Found in the Fells – April


Spring is now in full development with new life showing everywhere. More change occurs  in the Fells woods during April than one might realize. At the beginning of the month there are buds on just about every woody plant, and by month's end several will be leafing out.  Woody plants have of course a big advantage in that they don’t have to start from scratch. In fact on warm days going back to February the sap has been running, making the buds fatter, and now several species of tree will blossom this month. These are not the layman's 'flowers' with petals, but the florescence of the Red Maple and Pussy Willow, and the dangling catkins of birch and alder are quite attractive, and all in bloom in the Fells in April.


      Red Maple at Long Pond

           Red Maple in flower at Long Pond, 04-25-03.  

At ground level, stream banks are where most greenery is to be found in early April as various water-loving plants get a head-start because of the relative warmth of the water compared with the still cold ground. Look for the bright green shoots of Indian Poke, Veratrum viride, with their beautiful ribbing, and the round leaves of Marsh Marigold.

Suddenly it seems we're aware of birds everywhere with both dawn and evening chorus. The cute Nuthatch is running up and down trees and swooping from one to another; and robins will strut along the trail in front of you.

       turtles            garter snake                                                                                                Painted turtles sunning at Long Pond  4-02-06                           Garter snake     Thamnophis sirtalis    4-03-05

        photo:  Anne Hamlin


The 'quacks' from vernal pools can have you looking for ducks, but it will probably be the call of wood frogs early in the month, and by month's end many tadpoles to be seen wriggling near the pools' edges.  And remember the Salamanders congressing at the end of March? You can now see blobs of eggs lying on the brown leaves at the bottom of vernal pools.

And not only are amphibians about but reptiles as well, choosing any sunny day to warm up their blood and get going. Garter snakes are very common. But don't worry - they are not poisonous.  

Then by mid-month in some parts of the Fells - certainly Virginia Wood and near Bellevue Pond - comes a true beauty, one of the early spring ephemerals, Bloodroot, so called because the root, if cut, bleeds red. This delicate white-petaled flower with deep yellow anthers stands wrapped in its 'quilted' blanket of leaves on a frosty morning waiting for the sun to warm up before it opens. Another early beauty is Round-leaved Hepatica, sadly not very common in the Fells but it can be found on the south slope of Bear Hill.  These flowers are termed ephemerals and indeed have a brief moment of glory whilst the sun reaches the woodland floor, and then are gone as quickly as they came.

      Bllodroot     Hepatica

              Bloodroot    Sanguinaria canadensis                         4-15-05               Round-lobed Hepatica   Hepatica americana    4-18-05

Around the third or fourth week of April the woodland floor, which has been a dull brown ever since the snows melted, almost miraculously develops large patches of bright green. Most of this is the result of the leaves of Mayflower pushing up and filling out. Others leaves developing now are wood anemone, wild columbine often in cracks on rocks, and on higher drier ground - Pussytoes with its small heads of furry white flowers.

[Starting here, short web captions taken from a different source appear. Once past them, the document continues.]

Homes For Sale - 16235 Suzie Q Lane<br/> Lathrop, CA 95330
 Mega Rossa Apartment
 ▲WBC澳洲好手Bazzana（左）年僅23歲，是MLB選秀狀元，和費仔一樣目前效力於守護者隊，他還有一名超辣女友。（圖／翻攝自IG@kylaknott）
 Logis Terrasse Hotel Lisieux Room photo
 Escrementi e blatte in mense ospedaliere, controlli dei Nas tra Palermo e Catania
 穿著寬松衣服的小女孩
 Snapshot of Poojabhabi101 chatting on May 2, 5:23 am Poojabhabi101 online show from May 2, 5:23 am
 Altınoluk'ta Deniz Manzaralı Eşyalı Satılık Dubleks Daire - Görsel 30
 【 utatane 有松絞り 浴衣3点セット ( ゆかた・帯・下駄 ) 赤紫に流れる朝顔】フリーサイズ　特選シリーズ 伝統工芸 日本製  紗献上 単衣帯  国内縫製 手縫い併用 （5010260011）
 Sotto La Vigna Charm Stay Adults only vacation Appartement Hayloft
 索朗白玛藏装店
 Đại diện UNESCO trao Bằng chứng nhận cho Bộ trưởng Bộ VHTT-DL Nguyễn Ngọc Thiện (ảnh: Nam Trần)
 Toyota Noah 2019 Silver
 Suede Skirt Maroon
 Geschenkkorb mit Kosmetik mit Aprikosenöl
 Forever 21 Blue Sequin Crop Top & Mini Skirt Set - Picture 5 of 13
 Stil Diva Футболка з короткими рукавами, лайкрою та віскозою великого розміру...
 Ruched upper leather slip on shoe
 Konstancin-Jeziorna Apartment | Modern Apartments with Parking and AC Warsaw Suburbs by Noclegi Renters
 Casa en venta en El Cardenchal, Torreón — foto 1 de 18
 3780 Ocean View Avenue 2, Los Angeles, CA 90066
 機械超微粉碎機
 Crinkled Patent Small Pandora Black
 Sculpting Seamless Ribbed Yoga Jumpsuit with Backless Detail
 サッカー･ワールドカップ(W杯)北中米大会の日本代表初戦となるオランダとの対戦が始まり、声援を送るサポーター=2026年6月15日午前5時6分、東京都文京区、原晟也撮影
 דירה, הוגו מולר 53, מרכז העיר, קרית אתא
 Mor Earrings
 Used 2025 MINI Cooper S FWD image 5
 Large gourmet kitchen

The streams and swampy ground, which saw the first activities at the beginning of the month, towards the close are entering a second phase of development and color. The bright green leaves of skunk cabbage are now getting very large marking  water courses clearly from a distance. Above them is the gangly shrub Spicebush with its bunches of tiny yellow flowers along the leafless branches catching the sun.  And Marsh Marigold, whose leaves have been developing for some time, blooms. In royal England it is called Kingcup reminding us that it is not a marigold (daisy family) but rather a top-of-the-line buttercup, definitely looking regal in its boggy habitat.

Marsh Marigold

Marsh Marigold       Caltha palustris                           4-27-03

By the last week of April large patches of Trout Lilies, with their brown spotted leaves, can be seen at Bellevue Pond and at the west end of the blue trail by Whitemore Brook. These delightful small lilies reflex their yellow petals on sunny days exposing dark red anthers. See Spring Gallery.

Special find. At the end of April, 2005, in Lawrence Woods, I stumbled upon what turned into several patches of Cut-leaved Toothwort  Cardamine concatenata. This is not a rare plant but what was unusual was that it had not been reported growing wild east of the Connecticut River in Massachusetts before. I say 'wild' because the plant has been used as a garden plant and this probably explains this isolated occurrence. In other words, although a native of New England, in this case it is probably a garden escape but now happily established in the Fells.